Abstract
Prostate cancer is now the third commonest cancer in men. Extensive clinical trials comparing acid phosphatase, alkaline phosphatase (ALKP) and prostate specific antigen (PSA) have shown that PSA is the most sensitive and specific of the tumour markers available for prostate cancer. Caution is needed when comparing the results from different assay methods, there is no international standard for PSA.

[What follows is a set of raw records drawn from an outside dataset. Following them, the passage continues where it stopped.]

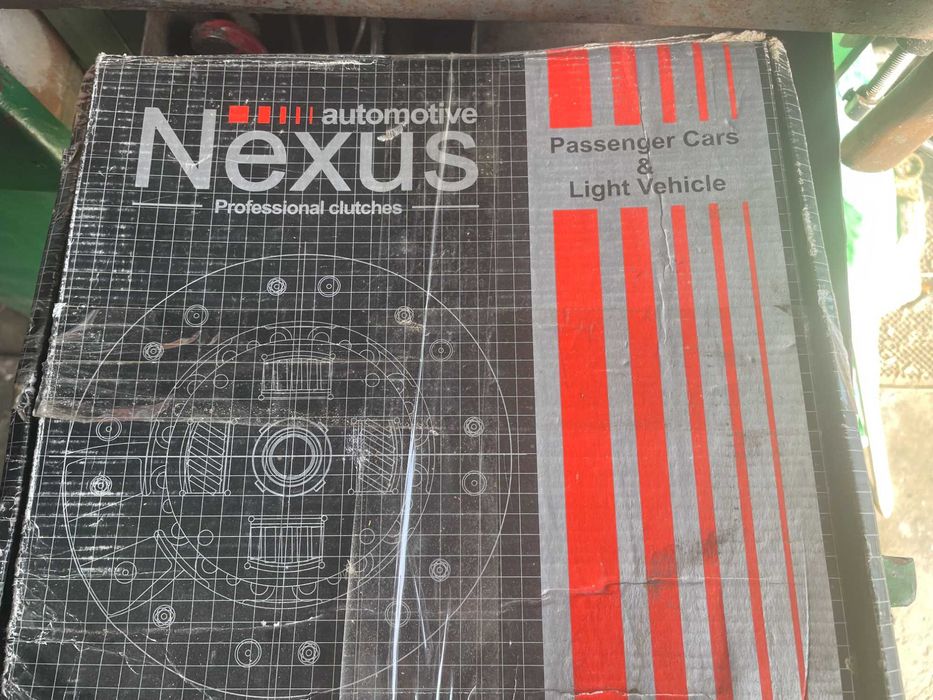 Комплект зчеплення Peugeot/Citroen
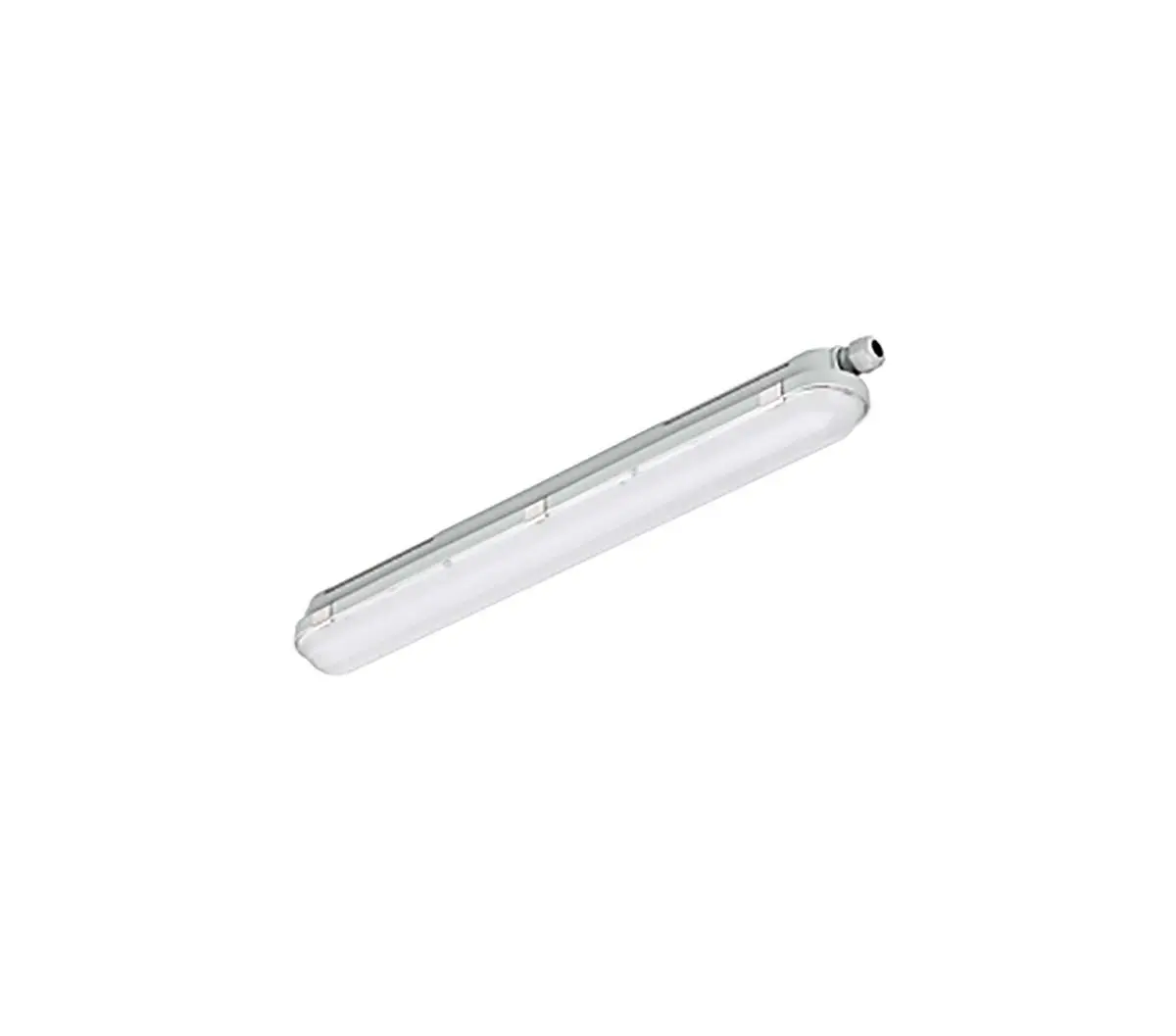 Produktfoto 1 von Philips Lighting WT120C G2 LED Lichtleiste, 240 V / 57.1 W 1 4000 lm, 76 mm IP65 x 80 mm x 1.22 m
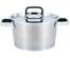Кастрюля  WR-1272  2л. Premium ALLURE(нерж.,руч. мет. с силик.вставками, мет.кр.), шт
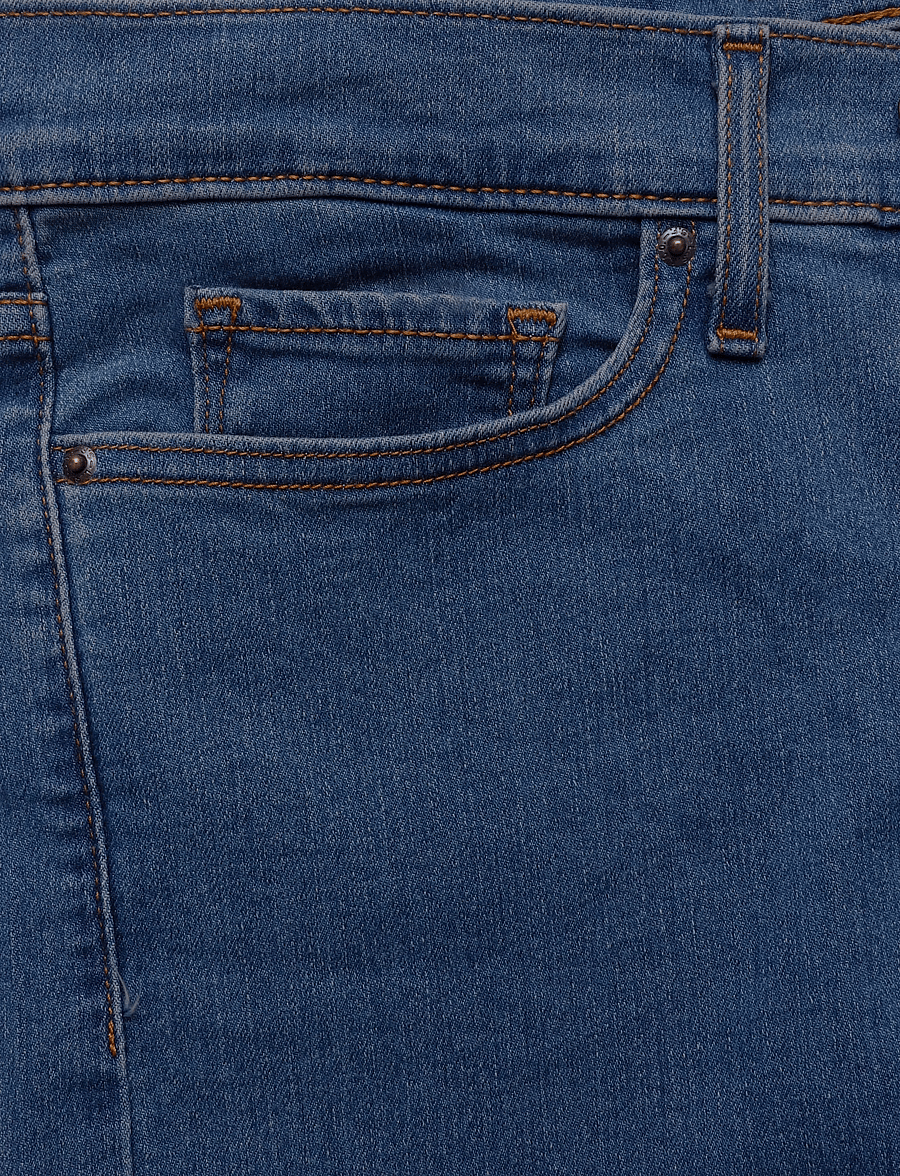 Levi's® - 314 SHAPING STRAIGHT WE HAVE A - straight jeans - med indigo - worn in - 2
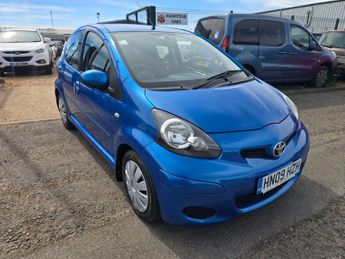 Toyota AYGO 1.0 VVT-i Blue Euro 4 5dr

In the management of localised disease, radical treatment can reduce the PSA levels to <0.4 ng/ml, similar results can be obtained for a varying duration in patients sensitive to androgen withdrawal. Raised levels >0.4 ng/ml after radical prostatectomy are indicative of residual disease. PSA is valuable in monitoring deferred treatment or the effects of hormone manipulation and give an indication of the prognosis and early warning of recurrence. In extensive metastatic disease the combination of PSA and ALP reflects the tumour activity. Less than 15 hot spots on the scintigram at presentation and a PSA <10 ng/ml 3 to 6 months after commencing treatment is associated with prolonged survival. The role of PSA in population screening for early prostatic cancer is uncertain; early results suggest it can be used in combination with digital rectal examination and ultrasonic examination of the prostate. The effect of a PSA decision level at 4 or 10 ng/ml has a considerable influence on the pick up rate.